What you should do ▸ Please return the lines below verbatim, beginning at the one that has "COOPHYA Monatliche Decke" and stopping after the one that has "CHICFURN Table à", and add no other lines.

Raw data ▸

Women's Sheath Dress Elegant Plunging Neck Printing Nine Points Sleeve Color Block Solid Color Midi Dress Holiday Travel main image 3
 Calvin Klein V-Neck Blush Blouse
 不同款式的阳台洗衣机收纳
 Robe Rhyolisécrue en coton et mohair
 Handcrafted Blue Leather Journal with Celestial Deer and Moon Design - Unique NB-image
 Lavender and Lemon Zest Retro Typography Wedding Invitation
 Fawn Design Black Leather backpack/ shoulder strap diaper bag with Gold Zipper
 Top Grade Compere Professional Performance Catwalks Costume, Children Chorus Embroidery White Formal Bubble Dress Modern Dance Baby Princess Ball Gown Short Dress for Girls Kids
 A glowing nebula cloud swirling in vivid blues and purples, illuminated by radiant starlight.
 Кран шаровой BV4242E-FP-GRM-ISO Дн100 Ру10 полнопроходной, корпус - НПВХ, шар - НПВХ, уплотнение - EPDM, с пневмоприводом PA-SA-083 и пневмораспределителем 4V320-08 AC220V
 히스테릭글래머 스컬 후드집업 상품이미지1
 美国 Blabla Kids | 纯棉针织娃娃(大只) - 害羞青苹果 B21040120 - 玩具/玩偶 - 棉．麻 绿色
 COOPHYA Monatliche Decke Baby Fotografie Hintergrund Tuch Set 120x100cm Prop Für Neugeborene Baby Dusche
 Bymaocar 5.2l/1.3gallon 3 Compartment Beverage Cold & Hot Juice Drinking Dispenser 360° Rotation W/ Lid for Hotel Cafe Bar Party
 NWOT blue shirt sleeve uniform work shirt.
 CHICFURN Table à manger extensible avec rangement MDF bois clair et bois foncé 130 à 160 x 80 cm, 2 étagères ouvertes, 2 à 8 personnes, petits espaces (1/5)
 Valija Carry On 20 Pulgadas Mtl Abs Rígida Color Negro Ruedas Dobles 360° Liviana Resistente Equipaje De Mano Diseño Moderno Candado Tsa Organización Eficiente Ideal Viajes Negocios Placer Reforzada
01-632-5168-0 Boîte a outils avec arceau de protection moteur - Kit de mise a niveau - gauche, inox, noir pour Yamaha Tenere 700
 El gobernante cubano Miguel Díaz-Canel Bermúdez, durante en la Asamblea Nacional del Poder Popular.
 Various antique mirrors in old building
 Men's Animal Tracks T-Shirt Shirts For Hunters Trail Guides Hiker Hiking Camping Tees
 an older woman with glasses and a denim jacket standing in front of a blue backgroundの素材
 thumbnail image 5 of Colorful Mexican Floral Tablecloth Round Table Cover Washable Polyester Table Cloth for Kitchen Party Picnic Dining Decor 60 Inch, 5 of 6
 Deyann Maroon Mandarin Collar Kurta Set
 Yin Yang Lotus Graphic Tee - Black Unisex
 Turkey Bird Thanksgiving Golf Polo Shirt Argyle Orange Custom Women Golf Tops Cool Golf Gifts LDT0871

Result of the task ▸
 COOPHYA Monatliche Decke Baby Fotografie Hintergrund Tuch Set 120x100cm Prop Für Neugeborene Baby Dusche
 Bymaocar 5.2l/1.3gallon 3 Compartment Beverage Cold & Hot Juice Drinking Dispenser 360° Rotation W/ Lid for Hotel Cafe Bar Party
 NWOT blue shirt sleeve uniform work shirt.
 CHICFURN Table à manger extensible avec rangement MDF bois clair et bois foncé 130 à 160 x 80 cm, 2 étagères ouvertes, 2 à 8 personnes, petits espaces (1/5)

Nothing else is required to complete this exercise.